Speaking at a joint press conference alongside Australia’s Deputy Prime Minister and Minister for Defence Richard Marles, Secretary Wallace said the final design could incorporate features of both the UK’s Astute Class and the United States’ Virginia Class platforms.
“…I think people seem to pose a question as if it’s an either/or, as if buying an American [submarine] off-the-shelf, or one of [the UK’s platforms] off-the-shelf – it’s not that,” he said.
According to Secretary Wallace, the design decision would include considerations of each of the nations’ production targets.
“AUKUS is a collaborative program between three nations and the question is how do we all get to 2035-2040 in our deliveries, which we all need for our cycles, and how collaborative can we be,” he said.
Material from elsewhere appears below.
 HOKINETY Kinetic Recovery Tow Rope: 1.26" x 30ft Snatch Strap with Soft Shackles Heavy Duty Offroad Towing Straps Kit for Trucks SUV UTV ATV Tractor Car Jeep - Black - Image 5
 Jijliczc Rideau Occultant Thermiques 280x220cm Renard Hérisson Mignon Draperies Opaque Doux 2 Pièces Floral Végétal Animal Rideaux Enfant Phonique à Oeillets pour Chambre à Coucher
“…The ultimate [objective] is to get all of us to get through the 2030s where we produce a submarine that is in my view, truly collaborative...”
The UK defence secretary went on to rule out any off-the-shelf purchase of Astute Class submarines.
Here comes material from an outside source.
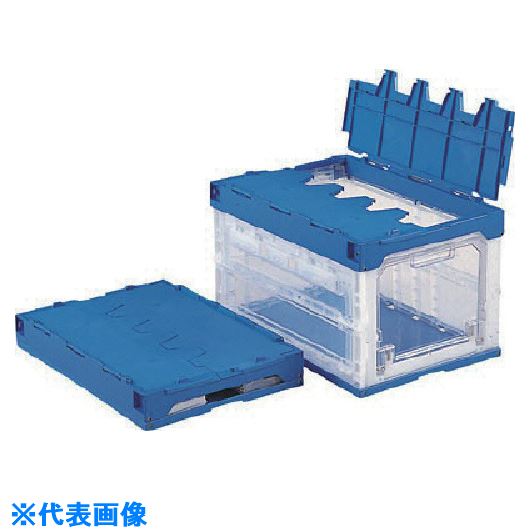 ■サンコー フタ一体型折りたたみコンテナー 556290 サンクレットオリコンラック50B(長短側扉あり)透明/..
“It may not look like a submarine that none of us have on our stocks, and I can tell you that because when boat seven is out of the Astutes, that’s it,” he said.
“We are onto our next design and our new one, and that might well be fully shared with all three nations as a collaborative design.”
This comes amid calls for an off-the-shelf purchase of Virginia Class submarines, including from former defence minister and federal opposition leader Peter Dutton, who had proposed two initial direct purchases before 2030.
However, Minister Marles has rejected the idea, claiming delivery before 2030 is “extremely optimistic”.
A recently published US Congressional Research Services report also cast doubt over the feasibility of off-the-shelf purchases for Australia.
The review flagged issues relating to the US Navy’s own procurement program, which include the force-level goal and procurement rate, industrial-base challenges, and cost and schedule risks.
Secretary Wallace’s remarks followed the announcement of a deal to allow RAN personnel to train aboard HMS Anson — the UK’s latest Astute Class submarine.
The deal comes just months after the US approved legislation enabling Australian military personnel to train with US counterparts aboard Virginia Class submarines.